An orthodontic diagnosis is a crucial step, wherein the patient is examined using different modalities, such as radiographs, computed tomography, photos, and dental impressions.
In addition to the image data, patients’ health records and questionnaires regarding orofacial functions are collected to classify the type of malocclusion and plan for treatment. Tooth impressions provide clinicians with detailed information on the dental arches, such as molar relationships, overjet and overbite, tooth angulation and inclination, and arch asymmetries, which are considered in treatment planning. Also, dental models may be used to simulate the orthodontic treatment by separating individual teeth from the dental casts and aligning them in the desired position. This procedure, known as the “orthodontic tooth setup,” which was originated by Kesling
provides the orthodontist insight into the possibilities and limitations of treatment and enables visualization of the final goal of treatment. The orthodontic tooth setup may be helpful, especially in cases that require critical decision-making, such as patients with a congenitally missing tooth, complex malocclusions with severe skeletal discrepancies, and borderline cases for extraction or non-extraction treatment. Orthodontic tooth setup models can also be used to fabricate orthodontic appliances such as indirect bonding systems and clear aligners.

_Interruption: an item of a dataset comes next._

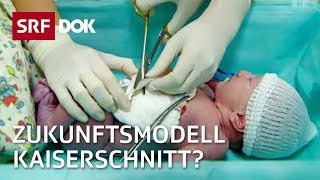 Kaiserschnitt  Die Geburt der Zukunft  Doku  SRF Dok [upl. by Aidnyl]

A digital setup technique using digital impression data is replacing the conventional method using plaster casts. Digital setup eliminates the process of working with the plaster models, which is time-consuming and labor-intensive. Additionally, the digital setup provides accurate information on the changes in tooth position and arch forms, allows 3D superimposition to visualize the treatment changes, and enables precise assessment of the intra-arch and inter-arch relationships.
. Also, different versions of the setups can be made and compared to help determine the final treatment plan.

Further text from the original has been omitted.